Back in his rooms, Alan found letters awaiting him. He read them, and tore all up except one. It was from Clem. She wrote:

Dear Alan: Nance says you are going very far away. I am sorry. It has been raining here very much. In the hollows all the bridges are under water. I have invented a new game. It is called “steamboat.” I play it on old Dubbs.
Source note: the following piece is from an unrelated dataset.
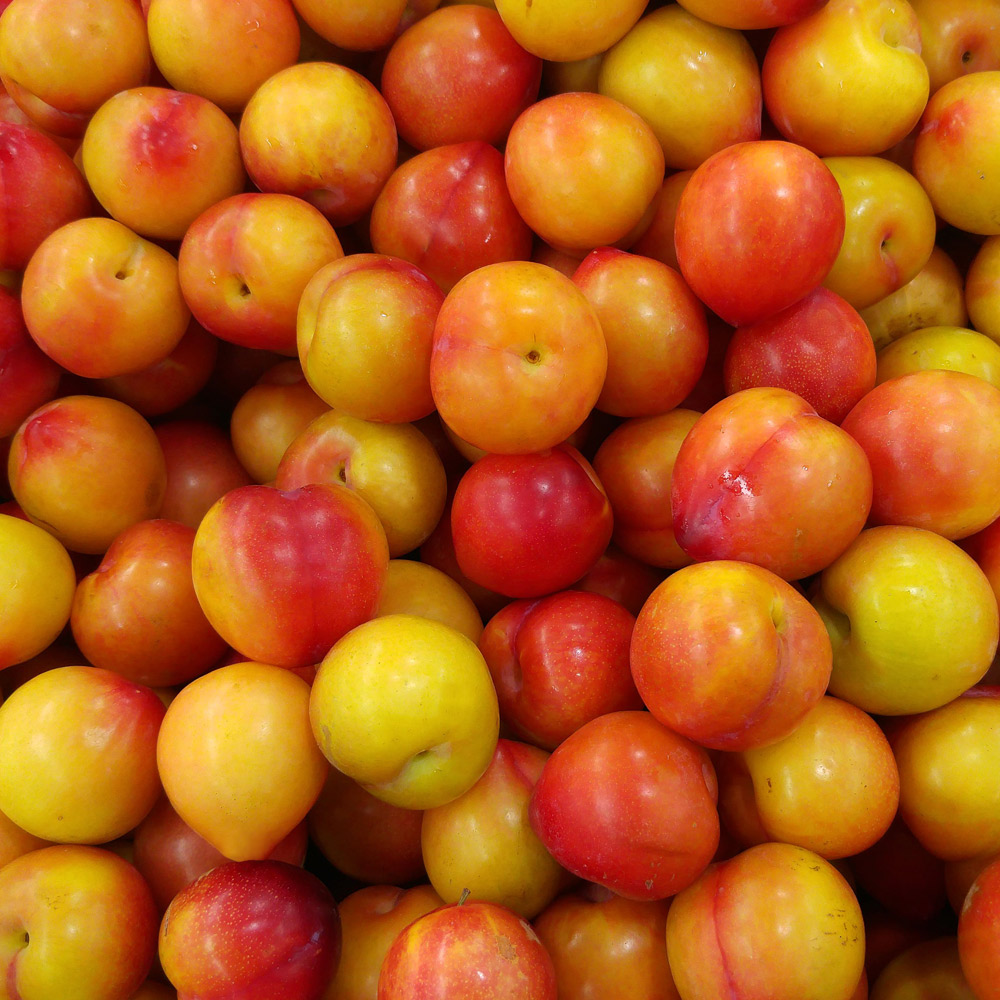 [산지직송] 영천 고당도 햇 대석 자두 [1kg-3kg]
We go down into the valley, and I make him go through the water around the bridges. He puffs just like a steamboat, and when he gets out, he smokes all over. He is too fat. I hope you will come back very soon.

CLEM.

That evening Clem was thrown into a transport by receiving her first telegram. It read:

You must not play steamboat again; it is dangerous.

ALAN.

She tucked it in her bosom and rushed over to the Firs to show it to Gerry.

Gerry and Alix were spending the summer at the Firs, where Mrs. Lansing, Gerry’s widowed mother, was still nominally the hostess. They had been married two years, but people still spoke of Alix as Gerry’s bride, and, in so doing, stamped her with her own seal. To strangers they carried the air of a couple about to be married at the rational close of a long engagement. No children or thought of children had come to turn the channel of life for Alix. On Gerry, marriage sat as an added habit. It was beginning to look as though he and Alix drifted together not because they were carried by the same currents, but because they were tied.

Where duller minds would have dubbed Gerry the Ox, Alan had named him the Rock, and Alan was right. Gerry had a dignity beyond mere bulk. He had all the powers of resistance, none of articulation. Where a pin-prick would start an ox, it took an upheaval to move Gerry. An upheaval was on the way, but Gerry did not know it. It was yet afar off.